Ahmad Gailani played an important role in Afghan resistance politics of the 1980s and in the political events of the early 1990s. Gailani is the spiritual leader of the Qadiriyya Sufi order in Afghanistan and well connected to the former royal family through marriage. Gailani assumed the leadership of the Qadiriyya order upon the death of his older brother Sayyid Ali in 1964. He was educated at Abu Hanifa College.
A member of the Kabul elite before 1978, Gailani fled Kabul after the Marxist revolution in April 1978 and founded the resistance group Mahaz-e Milli-e Islami-e Afghanistan (National Islamic Front) in Peshawar, Pakistan, in 1979. This group had a strong following among Gilzai Pushtun tribes and among supporters of the ex-king Zahir Shah.

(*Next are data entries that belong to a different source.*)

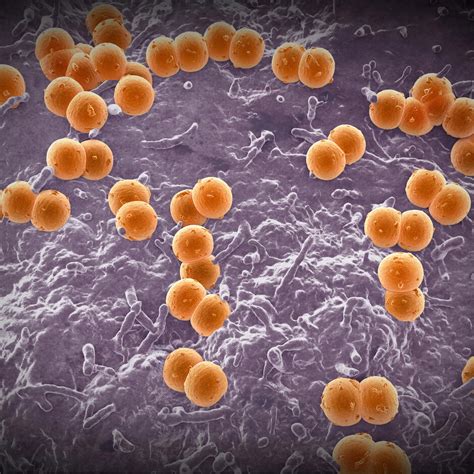 Rise In Rare Bacterial Illness Raises Concerns About Meningococcal Disease Cdc Warns World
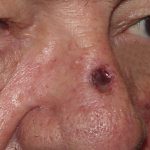 Thumbnail photo of the patient’s before the Skin Cancer Reconstruction Patient 13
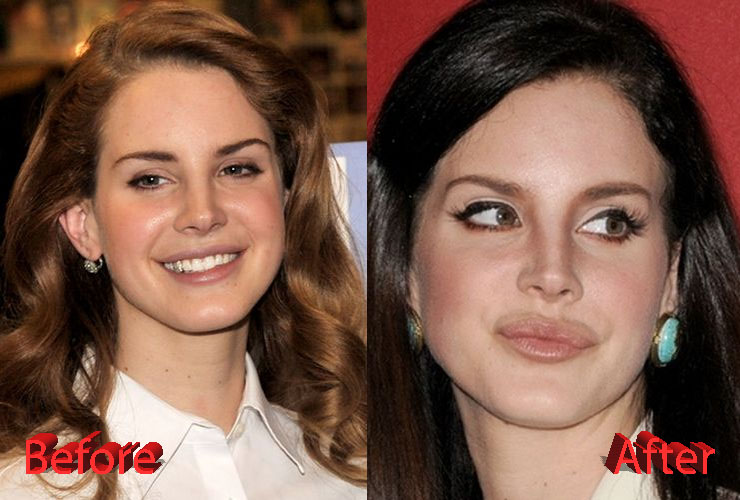 Lana Del Rey Plastic Surgery Before and After2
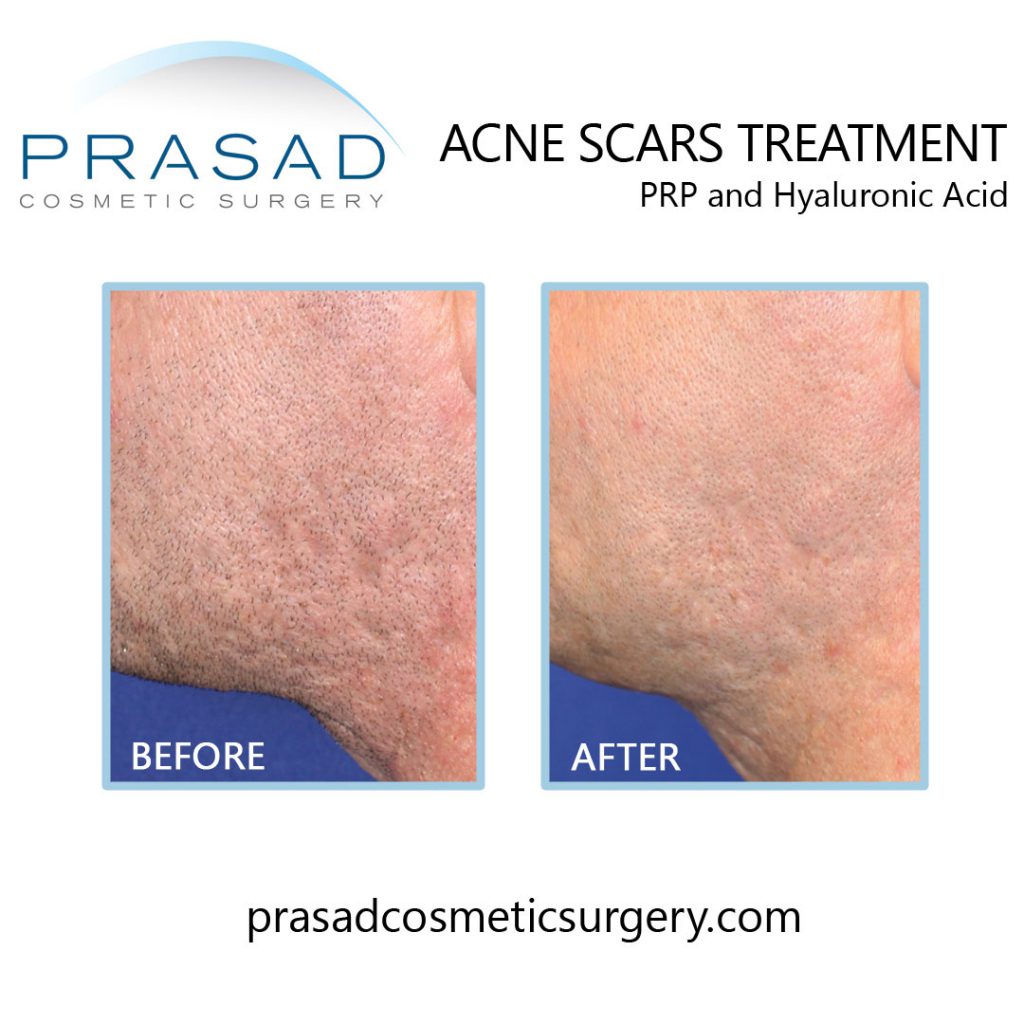 acne scars PRP treatment before and after, procedure done at Prasad Cosmetic Surgery NYC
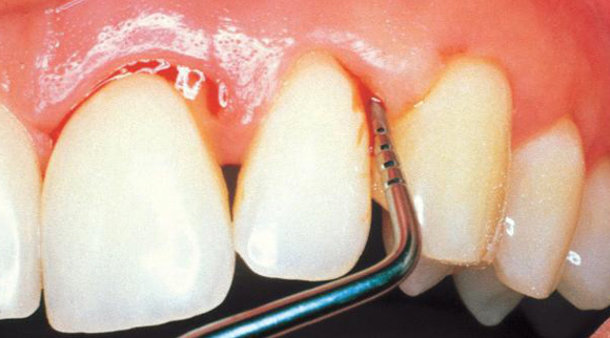 Enfermedades periodontales ¿Qué hay que saber?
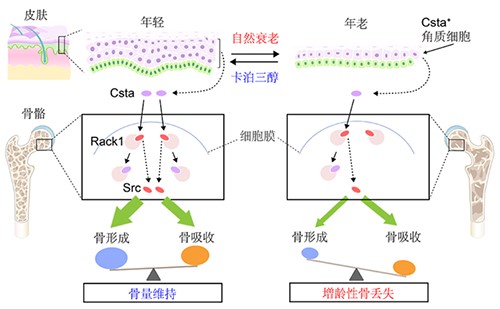 绝经后夫妻生活的3大困扰 不要羞于开口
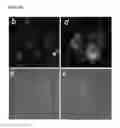 Fig. 23 - Liposome compositions and methods of use thereof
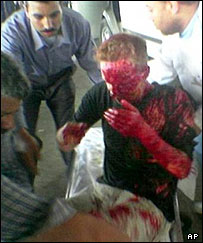 گردشگر اسرائيلی زخمی شده در انفجار در قاهره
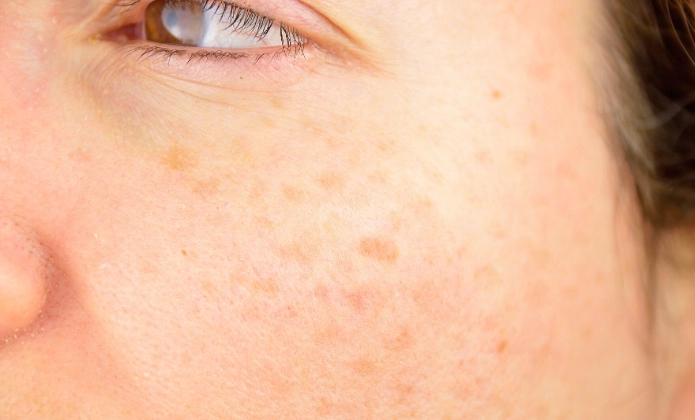 臉上黑斑去除方法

After the collapse of the communist government in 1992 Gailani returned to Kabul and participated in the transitional government of Sabghatullah Mujaddidi. He was first offered the position of foreign minister, but refused to serve. Later he accepted the post of supreme justice.

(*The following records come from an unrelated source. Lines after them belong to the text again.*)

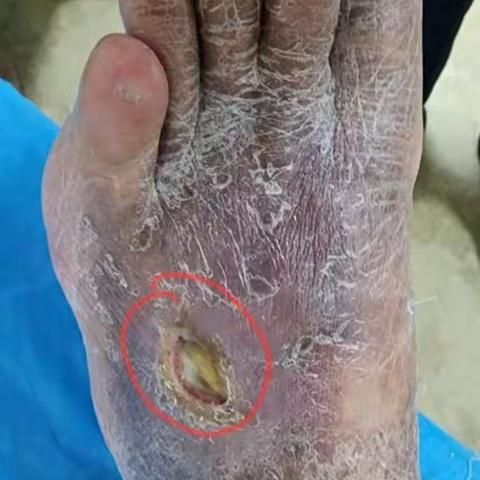 李彪，动脉合并静脉性溃疡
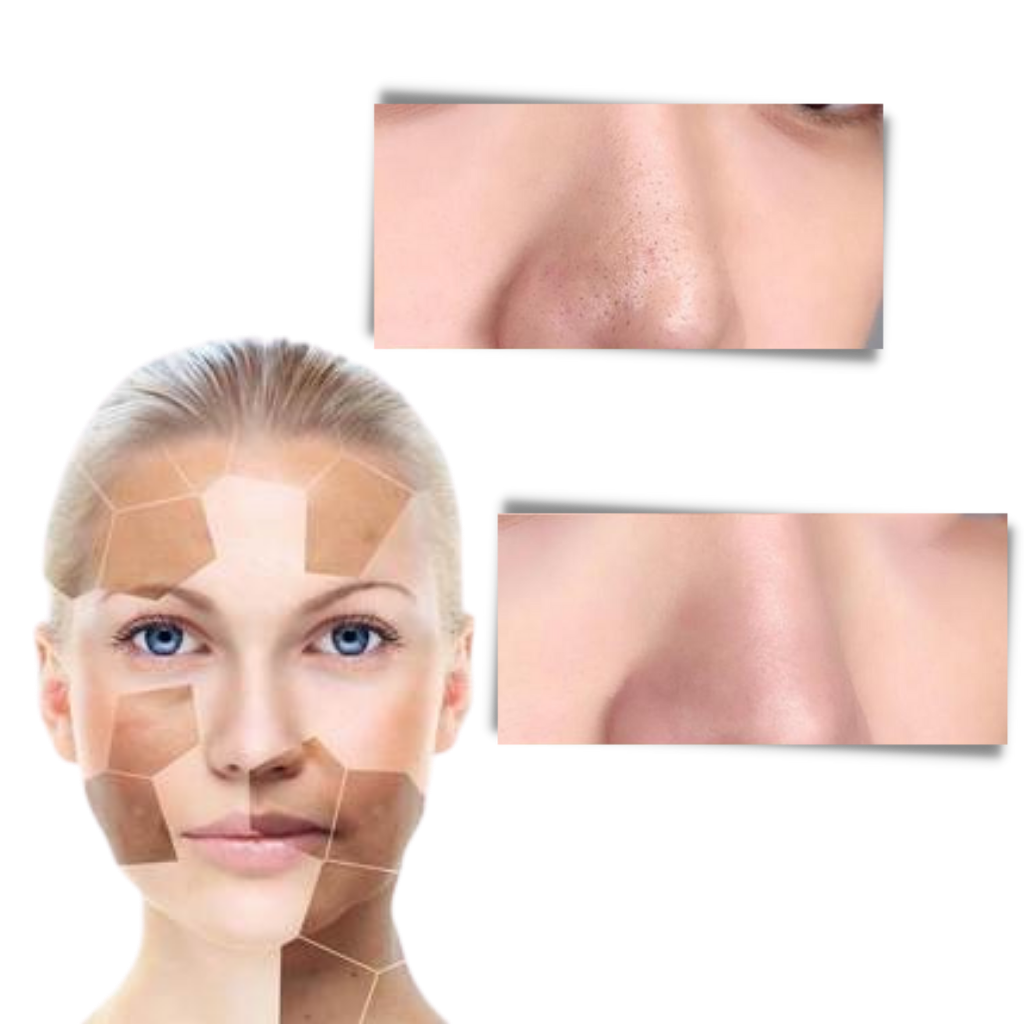 Poreløs dyptrensende grønn te maske for å fjerne hudormer - Ozerty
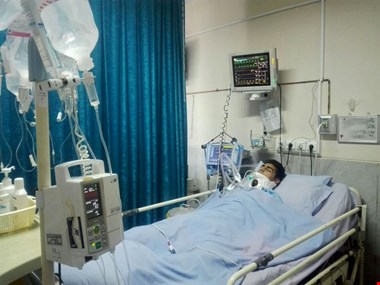 امکان بازگشت مرگ مغزی چقدر است؟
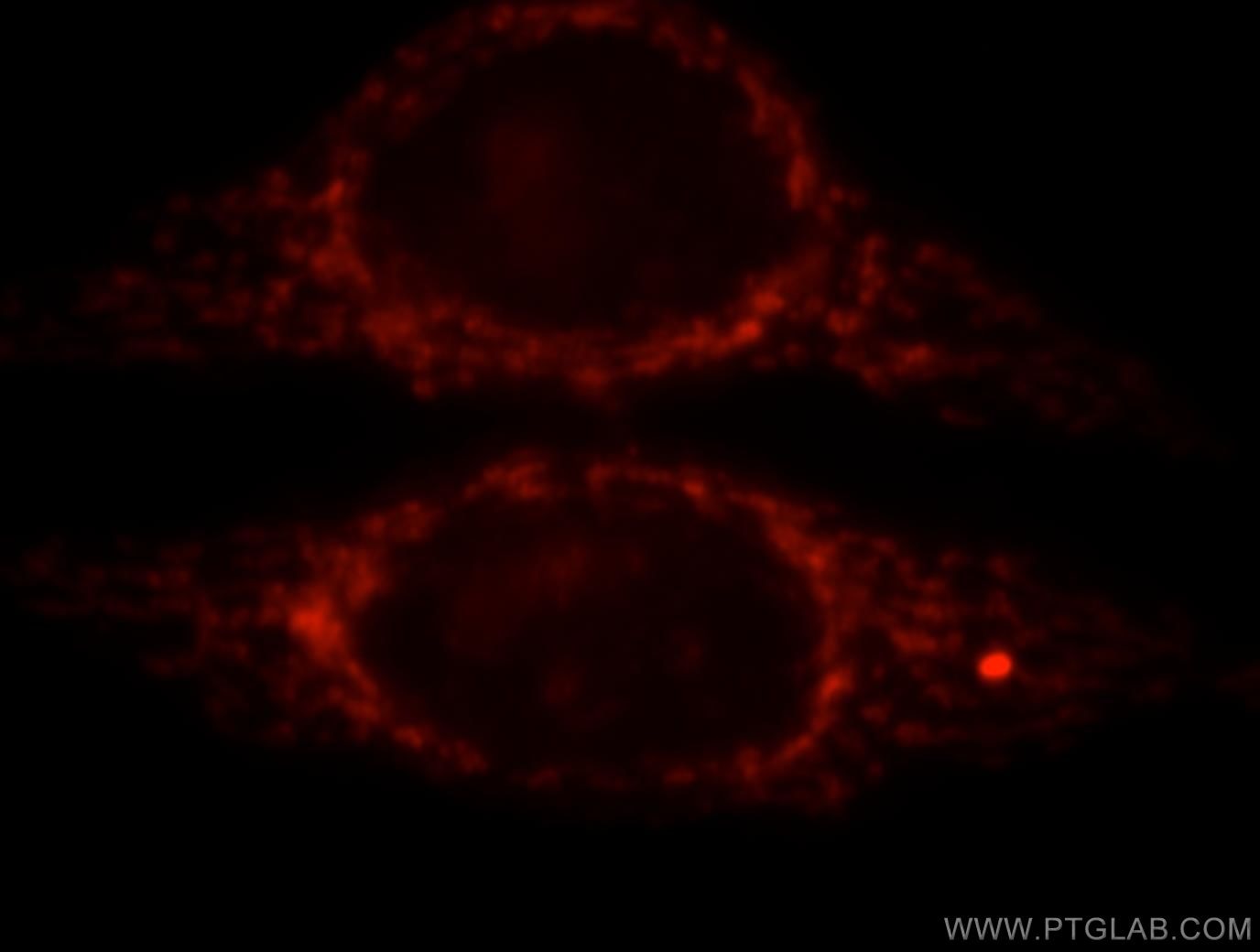 CPS1 Polyclonal antibody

When the Taliban captured Kabul in 1996 Gailani was forced from his leadership role and again fled to Pakistan. After the events of 11 September 2001 Gailani returned to Kabul to play a role in the formation of the government of Hamid Karzai and to support Zahir Shah, although he held no official position in the Afghan government.
Bibliography
Roy, Olivier. Islam and Resistance in Afghanistan. New York; Cambridge, U.K.: Cambridge University Press, 1986.
Rubin, Barnett R. The Fragmentation of Afghanistan: State Formation and Collapse in the International System. New Haven, CT: Yale University Press, 2002.